For the employer, however, this is not an open checkbook. The law stipulates that the costs for the employer must not be unreasonable. There is no guidance on how to do this, but what is appropriate for a very large employer is not considered appropriate for a small employer.

What happens if the employer’s medical report and the employee’s medical report are different? This happens pretty regularly. In these circumstances, the employer must take into account the opinion of the treating doctor. In the event of a conflict, under these circumstances it may well be necessary for the employer to arrange for an independent assessment by a specialist, for example a consultant, to clarify the matter. It is important that employers do not start investigating medical problems on their own as they are not qualified to do so.

It is very important that an employer ensures that the employee who is being considered to be dismissed for incapacity for work is aware of these possible consequences. That should be done as early as possible.

Such cases are extremely worrying for both employees and often employers. The employee didn’t do anything wrong. The employee can be a long-term employee who is loyal to the employer. It often happens that the employer just cannot keep the position open indefinitely. It is always our advice that this be addressed in a personable way. No decision should ever be rushed.

Employers must be careful not to fire an employee who is on sick leave. The employer is entitled to claims either under the Dismissal Protection Act or under the Equal Opportunities Act. To avoid such claims, it is essential that fair procedures are always followed and that the worker has the right to be assisted by a union official or colleague at all stages. The fact that an employer may not recognize the union does not mean that the employee will not be represented by him in the process.

There is another aspect that employers sometimes fail to consider.

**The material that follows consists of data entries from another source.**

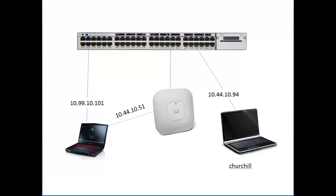Good day, it's Tony Fortunato from The Technology Firm. Today we're going to go through an interesting little scenario a customer posed to me, and I thought it'd be helpful to go through it with you. Let's see how this goes.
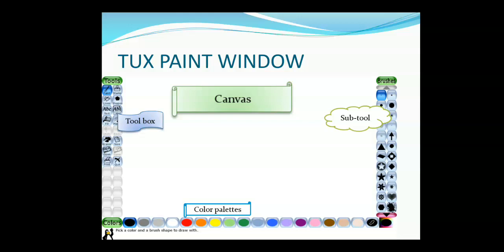In this corner, you can see the penguin. This penguin is the mascot. The mascot helps you to use the tools. When you select a tool, it shows you the purpose of that tool.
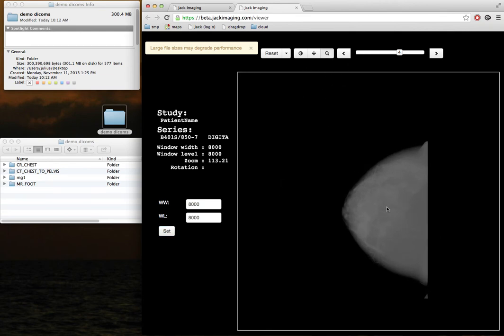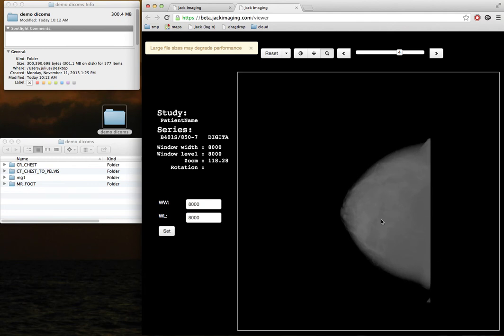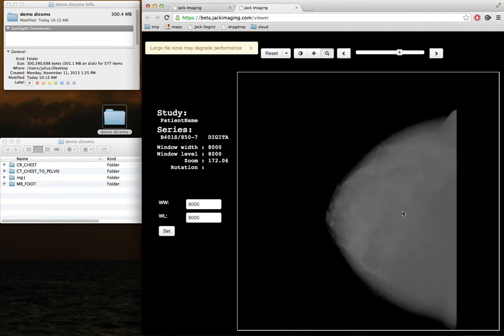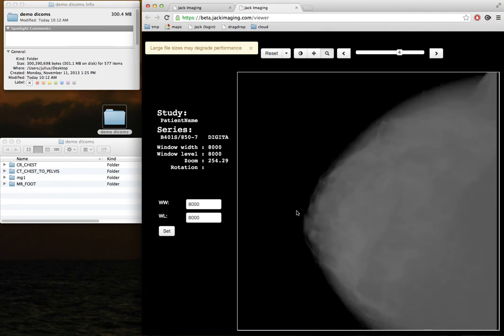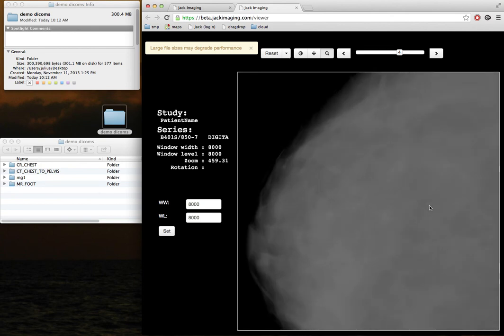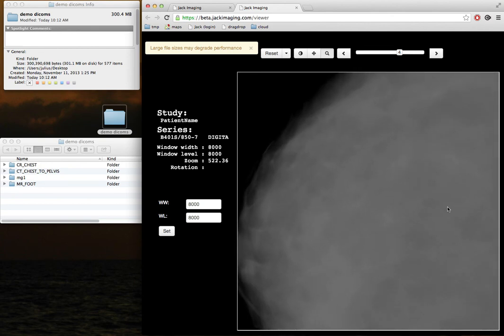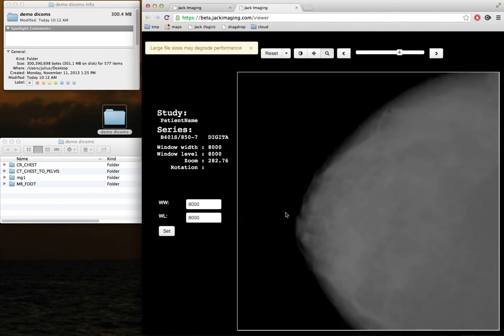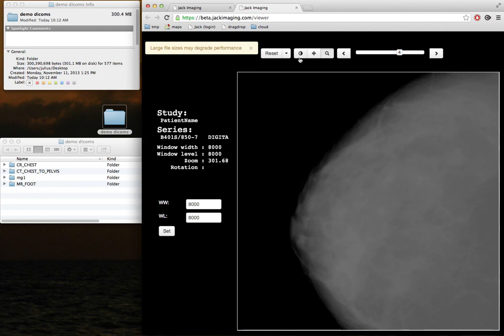These images are full-res. They are not down-sampled in any way. Thanks for watching.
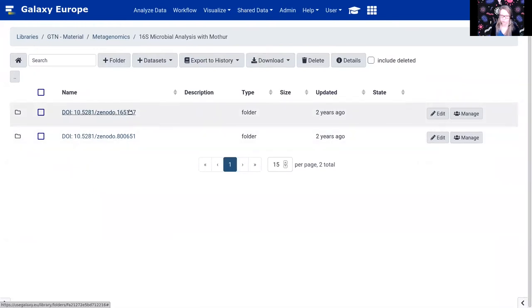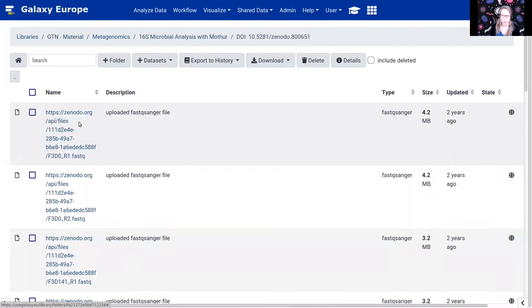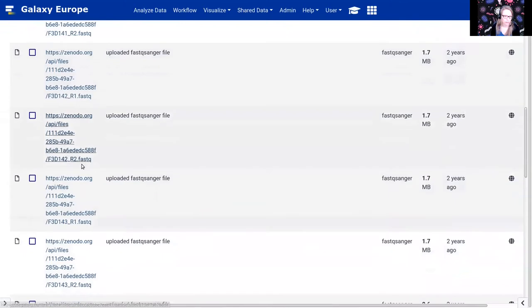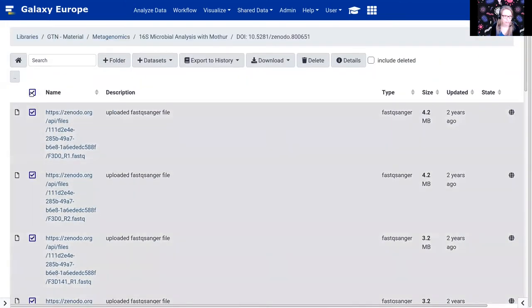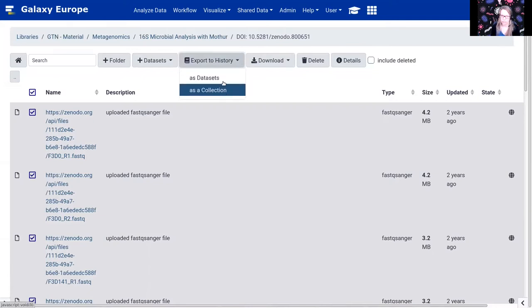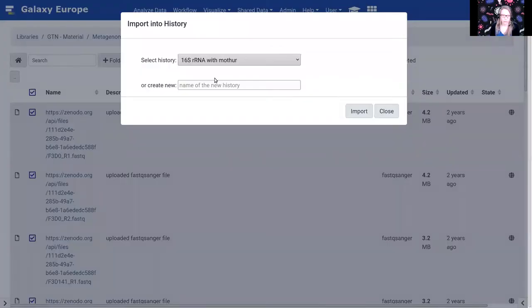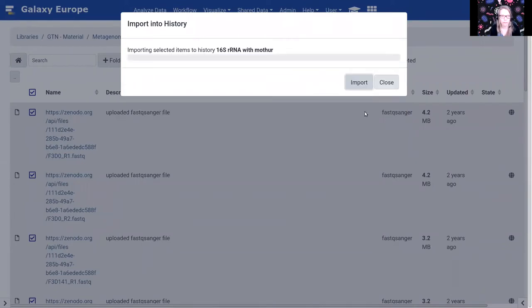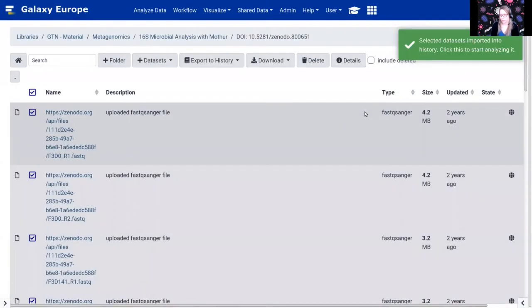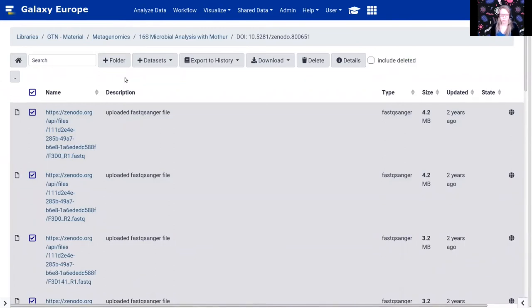The nice thing about using data from the shared data library is that it doesn't count against your quota, it's faster than uploading from a URL, and it saves space on the server. Once you see the green checkbox indicating everything went all right, go back to the main page by clicking Analyze Data. You should now see 46 files in your history: 40 FASTQ sample files and some extra reference datasets we will use later in the tutorial.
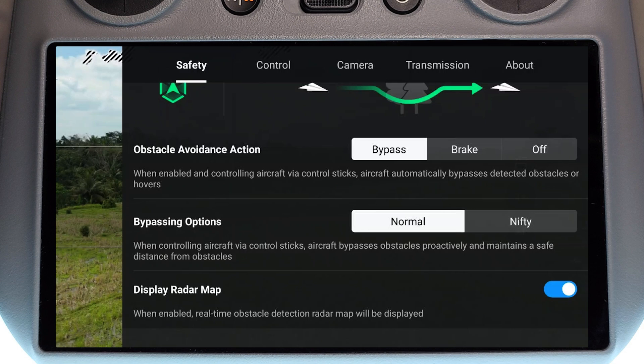Just below that we have the bypassing options. If we have it set to bypass, we have two options: normal and nifty. In normal, the drone is going to do its standard obstacle avoidance bypass actions. In nifty, the drone is going to take a little bit more risk — it's going to stick a little bit closer to objects as it's bypassing them and it's going to have a more lenient tolerance when it comes to bypassing multiple objects.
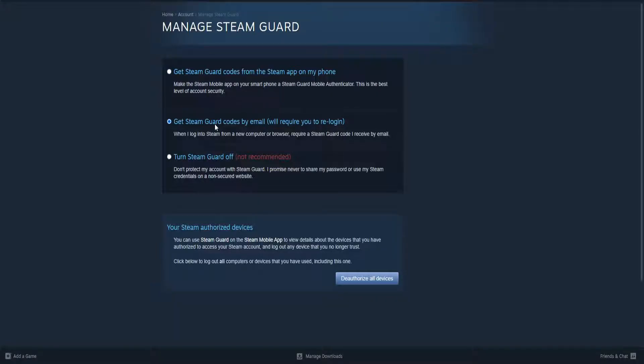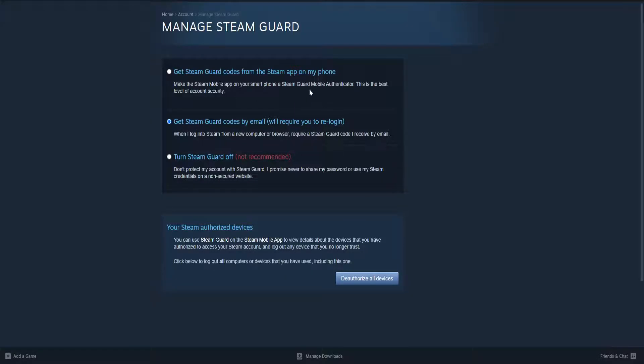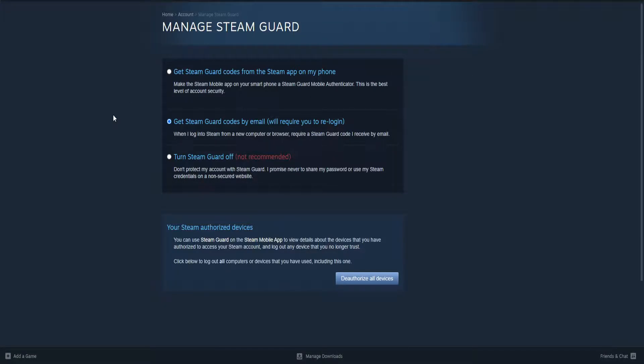It's going to look like this. Now what we will need to do is actually authorize our mobile phone. Here we can choose an option to get Steam Guard codes from the Steam app on my phone, or the second option which I have chosen. But if you choose this first option, then what you need to do is authenticate your phone number, wait for seven days, and then this will remove the trade hold from your Steam account.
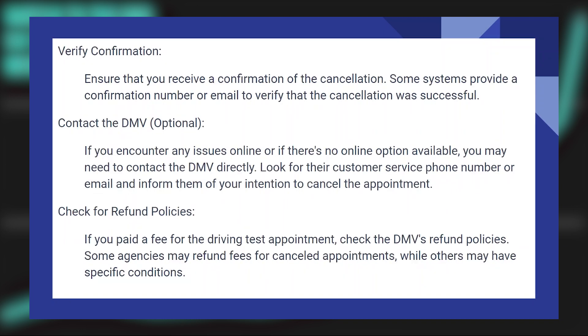Also, ensure that you receive a confirmation for the cancellation. Some systems provide a confirmation number or email to verify that the cancellation was successful.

If an employer has permanent health insurance, specific advice is required from the insurers and brokers, and sometimes the employer’s legal counsel. If the termination would then lead to the expiry of the employee’s previous permanent health insurance cover, questions relating to breach of contract may arise under these circumstances.

If an employer is considering dismissing an employee because the employee has been on sick leave for a longer period and the employee is unable to work, the employer should always seek advice from a lawyer specializing in labor law. Likewise, an employee in this position should seek advice from a trade union or, even better, from a specialist lawyer specializing in labor law.

The termination of an employee who has been on sick leave is difficult for both and is one of the most complex areas of labor law.